This is the basis of the Model Minority Myth. It is completely ignorant of the struggles of the Asian community that some like to say was just a historic phase, and pits minorities against each other as they resent Asians for being lifted up and celebrated for being hard working, when in reality this only happened because Caucasians wanted to express that they were not racist just because one minority group had succeeded, and is suddenly on par with a group that has never faced anywhere near the same troubles.
In turn, this diminishes their struggles, and deems it unworthy because they are now so ‘privileged’. Essentially, it dismisses hundreds of years of bigotry, making Asians appear desirable. However, underneath the surface and behind the smoke and mirrors, Asians are seen in the same light that they were in the 1920s – foreign people who don’t belong in the ideal of White America. In a nutshell, Caucasians make the Asian community look favourable until they are dealing with them one-on-one, in which they then proceed in taking part in racism to continue the cycle of inequity. However, when called out for their actions, they refuse everything and point out how successful Asians have been as a counterattack, denying their struggles with racism. It’s a never ending circulation of denying.
This also presents the issue of the strategy of ignoring colour, because this way you are ignoring all the hardships that were endured that the majority didn’t need to deal whatsoever. You’re essentially discrediting the minority community’s adversities.

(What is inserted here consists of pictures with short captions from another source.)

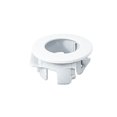 thumbnail image 3 of 2Uds 89348-28100 Blanco Parachoques Aparcamientos Sensor Retenedor Recambio Unique Bargains Retenedor del sensor de estacionamiento, 3 of 5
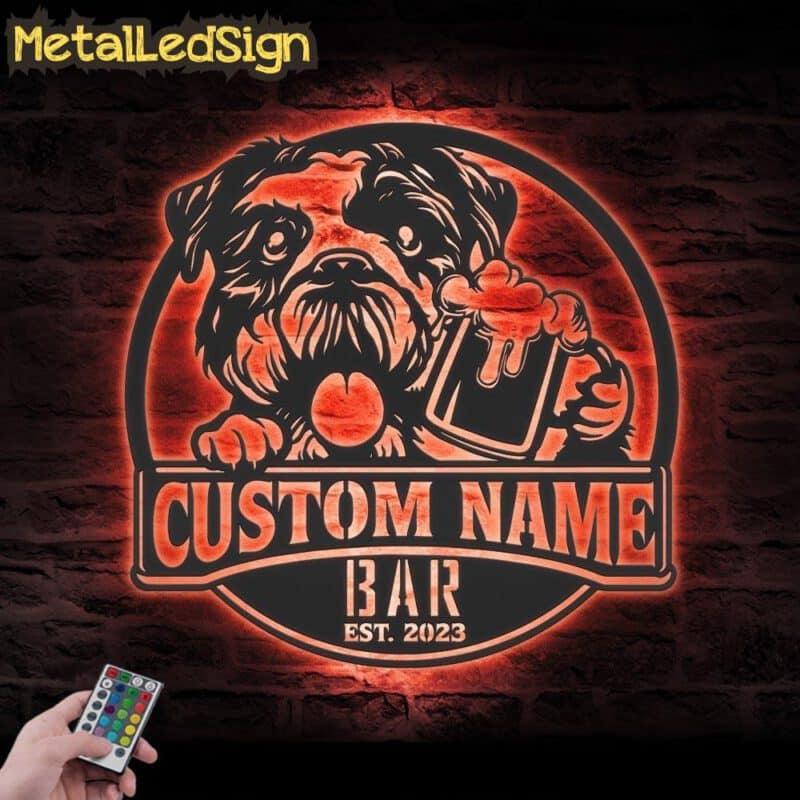 Custom-Funny-English-Boodle-Thirsty-Beer-Pub-Metal-Wall-Art-LED-Light-7.jpg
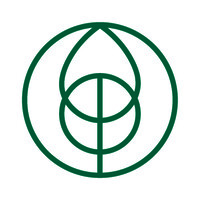 Compost Systems GmbH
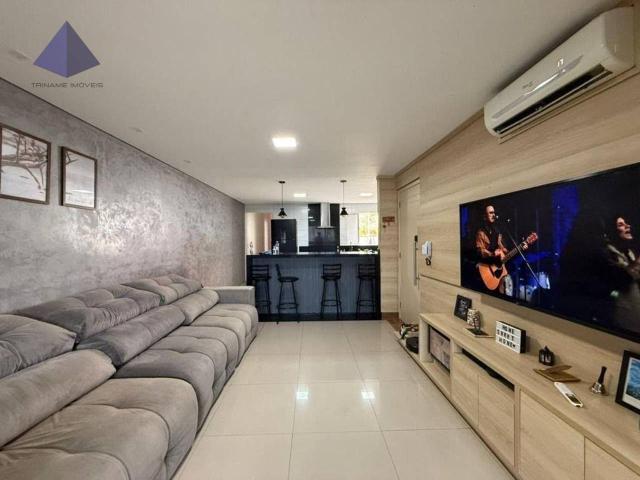 Sobrado venda em Região Imediata de São Paulo, Região Metropolitana de São Paulo
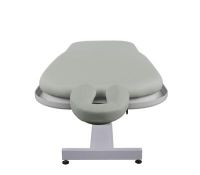 TouchAmerica Neptune Softop Battery Table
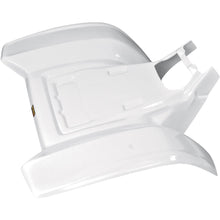 Maier Rear Fender - White 119811_424255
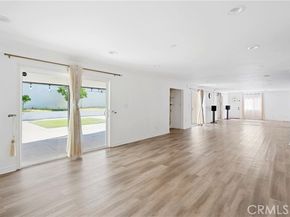 17211 Orozco Street, Granada Hills (los Angeles) CA 91344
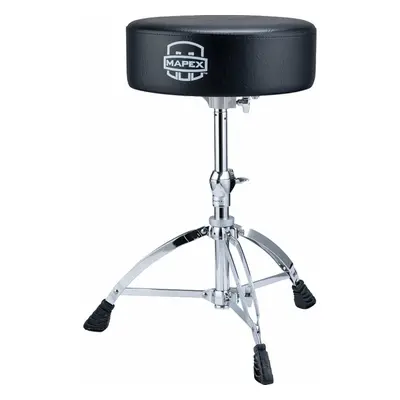 Mapex T670 Scaun pentru tobe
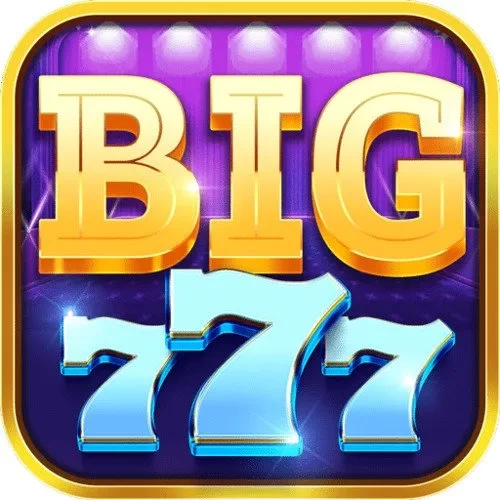 Info Lengkap Aplikasi big777 Versi Terbaru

The Asian community are POCs. There’s no doubt about that. While when you first look at the situation you may be blinded by Caucasian-perpetuated stereotypes, digging even just a little bit will bring you to the reality that so desperately wants to stay hidden from the sunlight. Even so, knowing this it is now our responsibility to bring these century-long issues to the surface as a crucial step in becoming an anti-racist society.